BEGIN Material for this task

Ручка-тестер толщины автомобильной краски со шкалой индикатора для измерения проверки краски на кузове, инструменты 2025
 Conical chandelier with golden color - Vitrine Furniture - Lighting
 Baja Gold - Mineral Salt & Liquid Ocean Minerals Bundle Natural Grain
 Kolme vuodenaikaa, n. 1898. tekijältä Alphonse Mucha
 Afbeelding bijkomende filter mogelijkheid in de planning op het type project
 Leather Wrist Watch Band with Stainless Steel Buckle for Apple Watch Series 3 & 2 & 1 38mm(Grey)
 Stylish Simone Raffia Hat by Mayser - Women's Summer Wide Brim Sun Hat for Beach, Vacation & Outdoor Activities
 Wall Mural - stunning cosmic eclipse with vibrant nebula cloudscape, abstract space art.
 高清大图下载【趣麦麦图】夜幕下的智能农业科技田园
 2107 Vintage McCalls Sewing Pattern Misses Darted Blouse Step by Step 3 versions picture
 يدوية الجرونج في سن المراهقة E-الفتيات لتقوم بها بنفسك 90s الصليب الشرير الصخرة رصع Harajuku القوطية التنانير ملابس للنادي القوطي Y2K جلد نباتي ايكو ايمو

END Material for this task

### Action item
Please make an exact copy of the entries, down to the last character.

### Answer box
Ручка-тестер толщины автомобильной краски со шкалой индикатора для измерения проверки краски на кузове, инструменты 2025
 Conical chandelier with golden color - Vitrine Furniture - Lighting
 Baja Gold - Mineral Salt & Liquid Ocean Minerals Bundle Natural Grain
 Kolme vuodenaikaa, n. 1898. tekijältä Alphonse Mucha
 Afbeelding bijkomende filter mogelijkheid in de planning op het type project
 Leather Wrist Watch Band with Stainless Steel Buckle for Apple Watch Series 3 & 2 & 1 38mm(Grey)
 Stylish Simone Raffia Hat by Mayser - Women's Summer Wide Brim Sun Hat for Beach, Vacation & Outdoor Activities
 Wall Mural - stunning cosmic eclipse with vibrant nebula cloudscape, abstract space art.
 高清大图下载【趣麦麦图】夜幕下的智能农业科技田园
 2107 Vintage McCalls Sewing Pattern Misses Darted Blouse Step by Step 3 versions picture
 يدوية الجرونج في سن المراهقة E-الفتيات لتقوم بها بنفسك 90s الصليب الشرير الصخرة رصع Harajuku القوطية التنانير ملابس للنادي القوطي Y2K جلد نباتي ايكو ايمو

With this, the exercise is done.